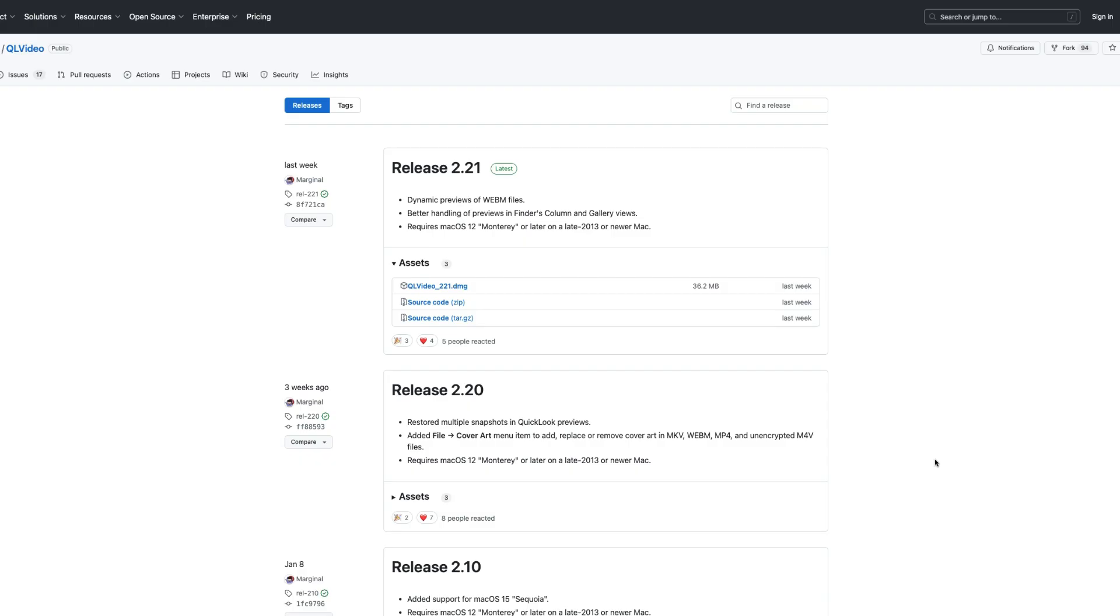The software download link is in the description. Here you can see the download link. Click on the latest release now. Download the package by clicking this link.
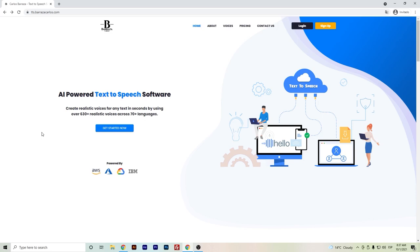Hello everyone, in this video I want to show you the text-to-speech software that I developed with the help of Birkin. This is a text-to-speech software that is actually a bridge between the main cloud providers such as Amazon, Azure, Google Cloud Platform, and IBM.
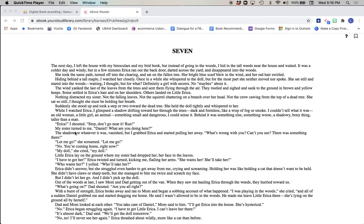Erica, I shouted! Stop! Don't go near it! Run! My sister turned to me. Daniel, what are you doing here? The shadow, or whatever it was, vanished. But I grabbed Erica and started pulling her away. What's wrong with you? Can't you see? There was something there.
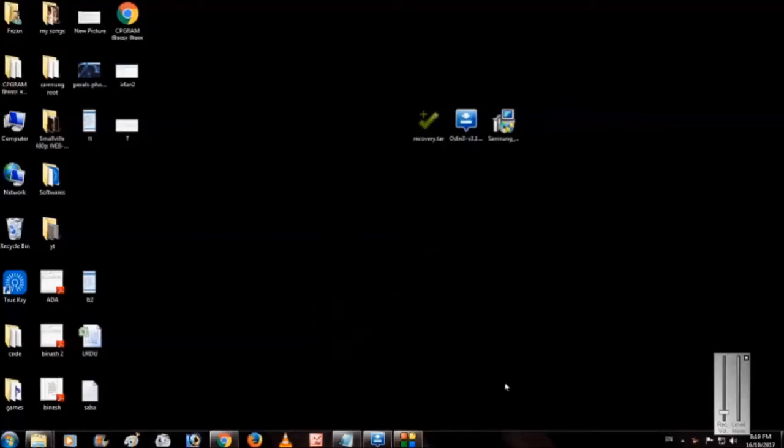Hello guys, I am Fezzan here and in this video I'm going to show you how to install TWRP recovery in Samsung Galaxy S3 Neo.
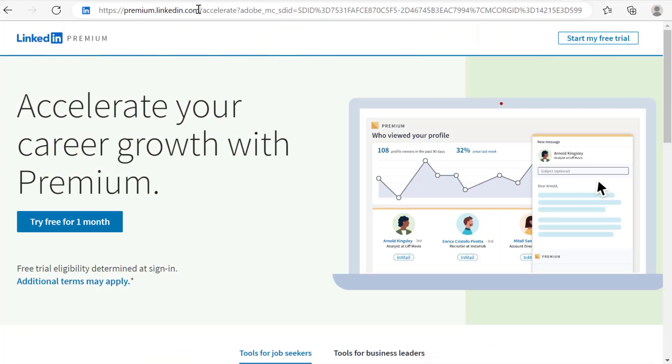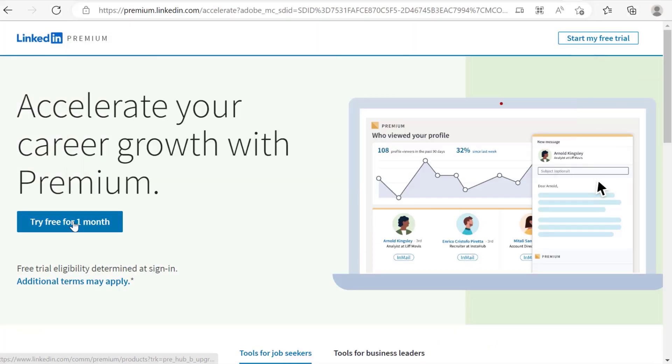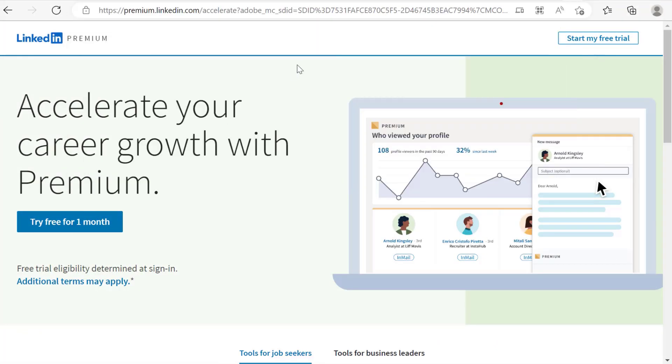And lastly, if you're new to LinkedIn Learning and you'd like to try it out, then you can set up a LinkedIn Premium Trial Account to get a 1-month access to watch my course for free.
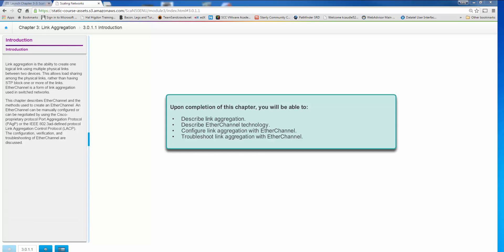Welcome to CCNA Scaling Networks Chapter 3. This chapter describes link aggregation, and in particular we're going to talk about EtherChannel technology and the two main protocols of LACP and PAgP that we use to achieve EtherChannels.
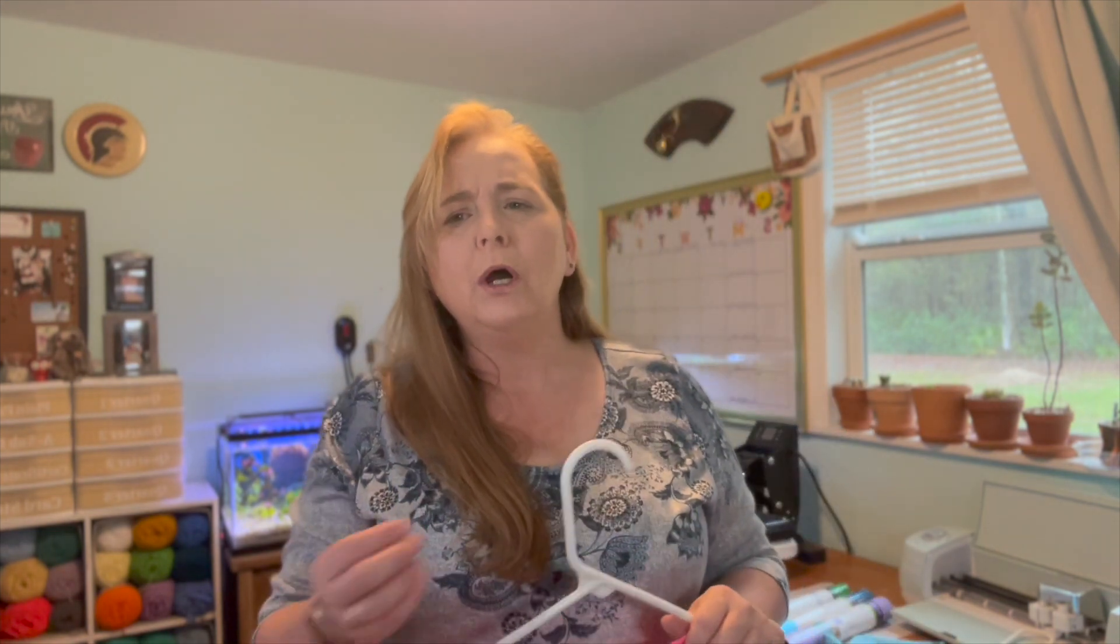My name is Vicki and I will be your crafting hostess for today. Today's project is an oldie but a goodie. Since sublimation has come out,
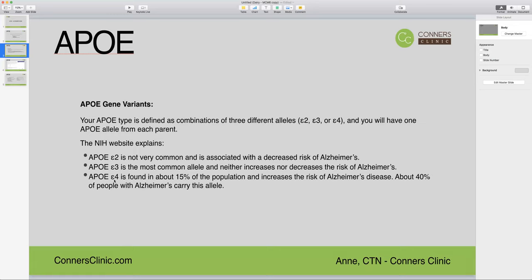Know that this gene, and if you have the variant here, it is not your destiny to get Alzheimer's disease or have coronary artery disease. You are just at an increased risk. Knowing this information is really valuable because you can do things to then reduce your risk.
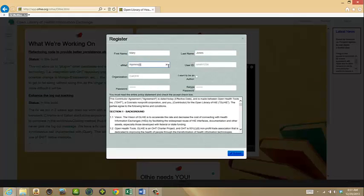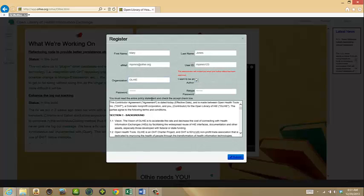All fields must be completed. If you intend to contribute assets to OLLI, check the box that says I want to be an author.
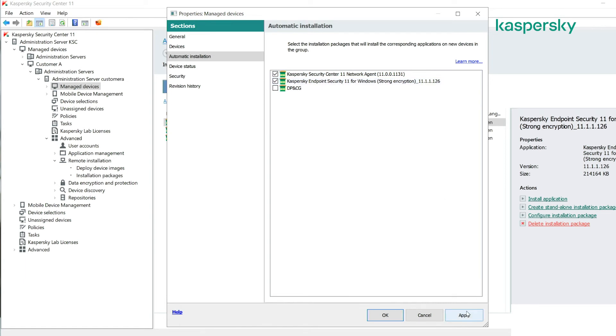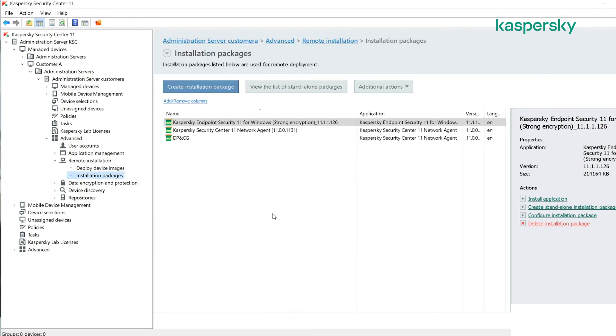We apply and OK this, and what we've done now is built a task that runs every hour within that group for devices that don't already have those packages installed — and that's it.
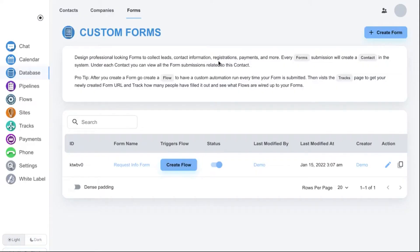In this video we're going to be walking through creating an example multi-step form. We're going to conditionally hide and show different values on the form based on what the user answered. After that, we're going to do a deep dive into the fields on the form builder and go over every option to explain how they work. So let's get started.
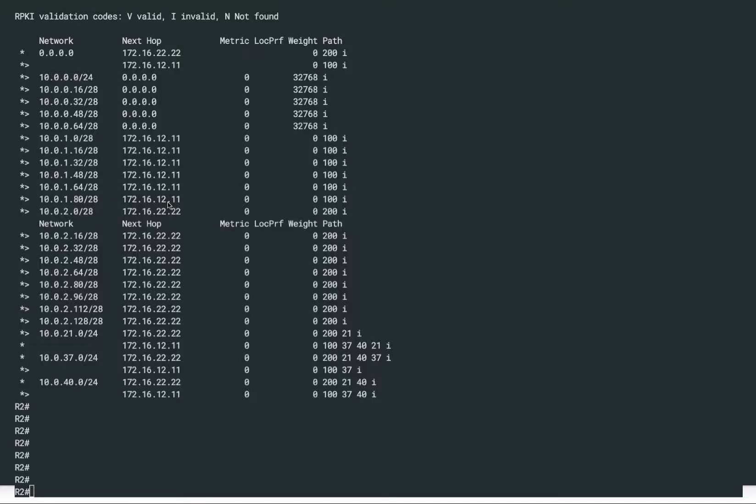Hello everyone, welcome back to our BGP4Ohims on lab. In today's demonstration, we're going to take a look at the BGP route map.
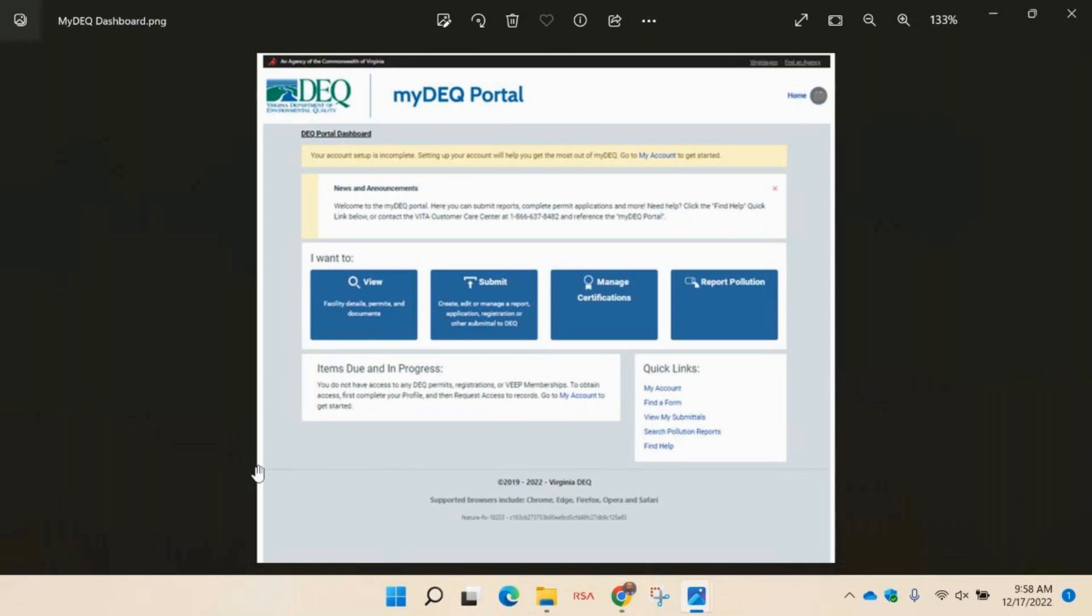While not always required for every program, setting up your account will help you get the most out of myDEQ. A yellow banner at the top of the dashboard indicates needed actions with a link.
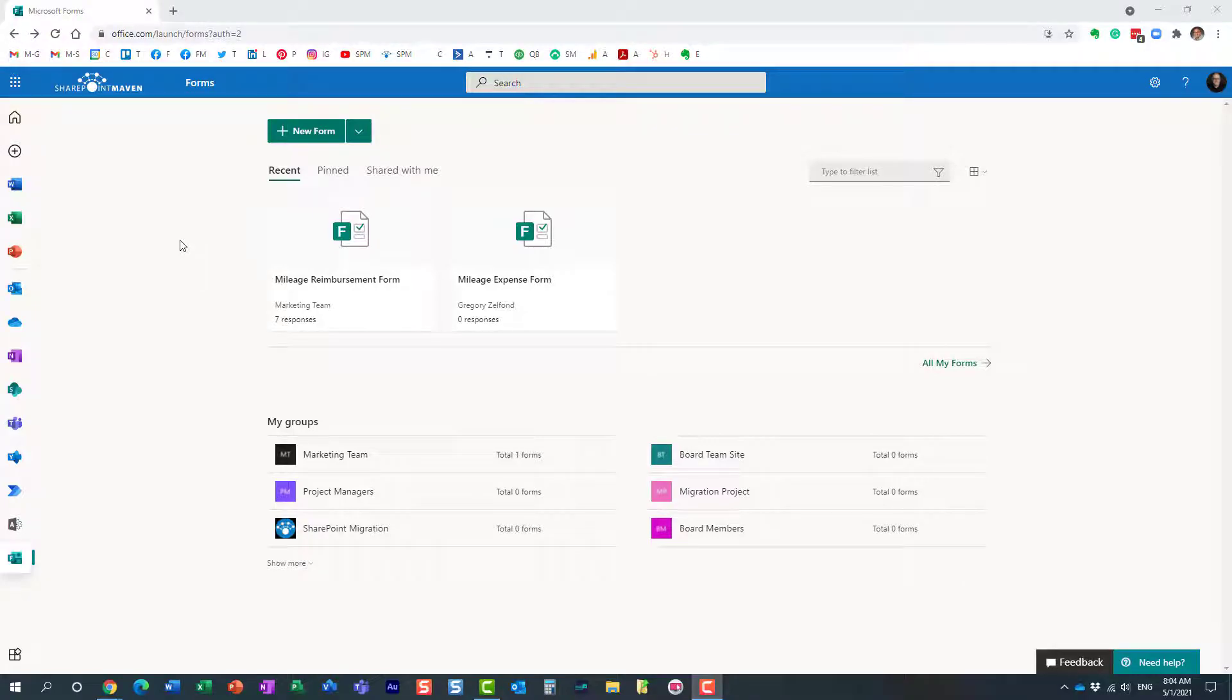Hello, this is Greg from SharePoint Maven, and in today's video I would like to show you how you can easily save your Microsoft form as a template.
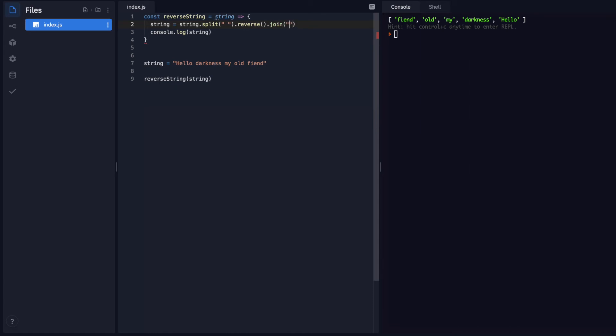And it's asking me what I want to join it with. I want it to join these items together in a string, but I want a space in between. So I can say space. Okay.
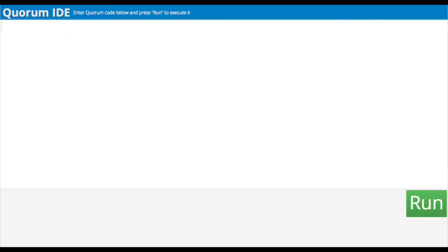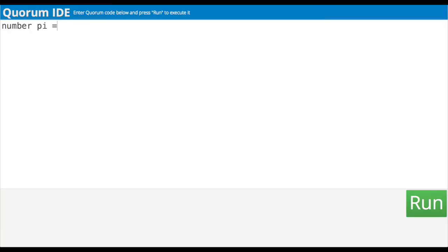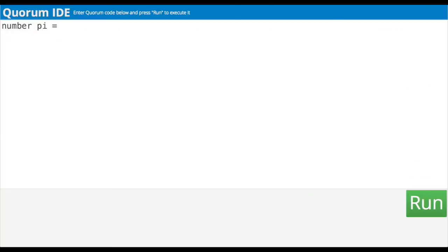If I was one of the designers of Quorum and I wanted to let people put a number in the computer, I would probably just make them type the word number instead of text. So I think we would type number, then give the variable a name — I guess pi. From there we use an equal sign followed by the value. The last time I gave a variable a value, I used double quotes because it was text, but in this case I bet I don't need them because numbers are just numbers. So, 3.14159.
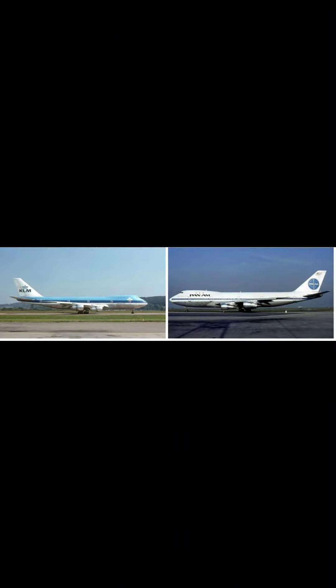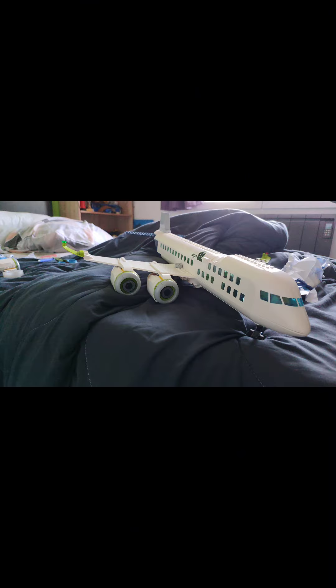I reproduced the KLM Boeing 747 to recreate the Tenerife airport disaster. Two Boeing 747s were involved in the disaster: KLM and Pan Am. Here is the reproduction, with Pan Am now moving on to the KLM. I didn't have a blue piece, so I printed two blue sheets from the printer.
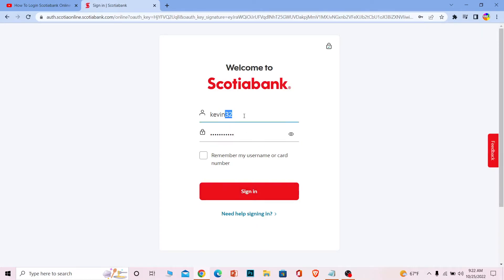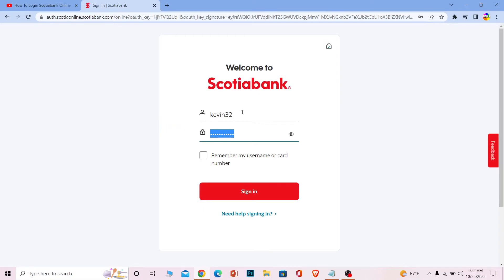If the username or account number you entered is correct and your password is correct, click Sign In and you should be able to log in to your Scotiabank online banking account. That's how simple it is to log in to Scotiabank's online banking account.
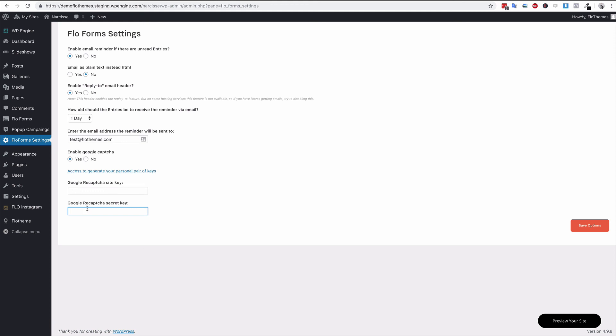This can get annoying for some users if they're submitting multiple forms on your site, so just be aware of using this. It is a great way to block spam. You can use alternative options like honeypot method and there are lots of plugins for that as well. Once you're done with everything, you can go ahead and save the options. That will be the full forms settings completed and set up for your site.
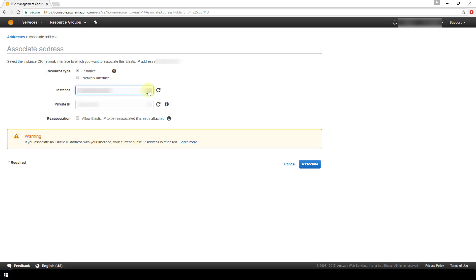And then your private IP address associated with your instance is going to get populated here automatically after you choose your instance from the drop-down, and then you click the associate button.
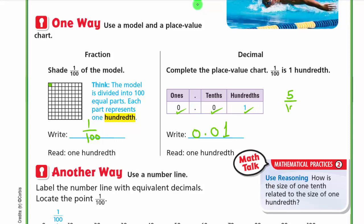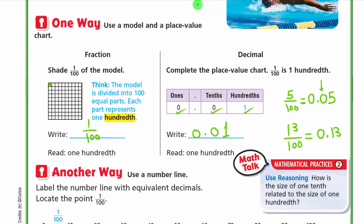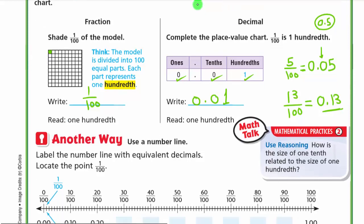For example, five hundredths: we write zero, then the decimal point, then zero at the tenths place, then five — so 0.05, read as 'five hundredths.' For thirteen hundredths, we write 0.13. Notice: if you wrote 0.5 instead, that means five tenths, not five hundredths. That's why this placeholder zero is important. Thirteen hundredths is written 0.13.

(TASK ITEM): Take the lines of the material above from the first through the one containing "We apply and", both included, and print them exactly without the pictures.

(RESPONSE BELOW):
The software download link is in the description. Here you can see the download link. Click on the latest release now. Download the package by clicking this link.
Hello everyone, in this video I want to show you the text-to-speech software that I developed with the help of Birkin. This is a text-to-speech software that is actually a bridge between the main cloud providers such as Amazon, Azure, Google Cloud Platform, and IBM.
Erica, I shouted! Stop! Don't go near it! Run! My sister turned to me. Daniel, what are you doing here? The shadow, or whatever it was, vanished. But I grabbed Erica and started pulling her away. What's wrong with you? Can't you see? There was something there.
Hello guys, I am Fezzan here and in this video I'm going to show you how to install TWRP recovery in Samsung Galaxy S3 Neo.
And lastly, if you're new to LinkedIn Learning and you'd like to try it out, then you can set up a LinkedIn Premium Trial Account to get a 1-month access to watch my course for free.
Welcome to CCNA Scaling Networks Chapter 3. This chapter describes link aggregation, and in particular we're going to talk about EtherChannel technology and the two main protocols of LACP and PAgP that we use to achieve EtherChannels.
My name is Vicki and I will be your crafting hostess for today. Today's project is an oldie but a goodie. Since sublimation has come out,
Know that this gene, and if you have the variant here, it is not your destiny to get Alzheimer's disease or have coronary artery disease. You are just at an increased risk. Knowing this information is really valuable because you can do things to then reduce your risk.
All fields must be completed. If you intend to contribute assets to OLLI, check the box that says I want to be an author.
We apply and OK this, and what we've done now is built a task that runs every hour within that group for devices that don't already have those packages installed — and that's it.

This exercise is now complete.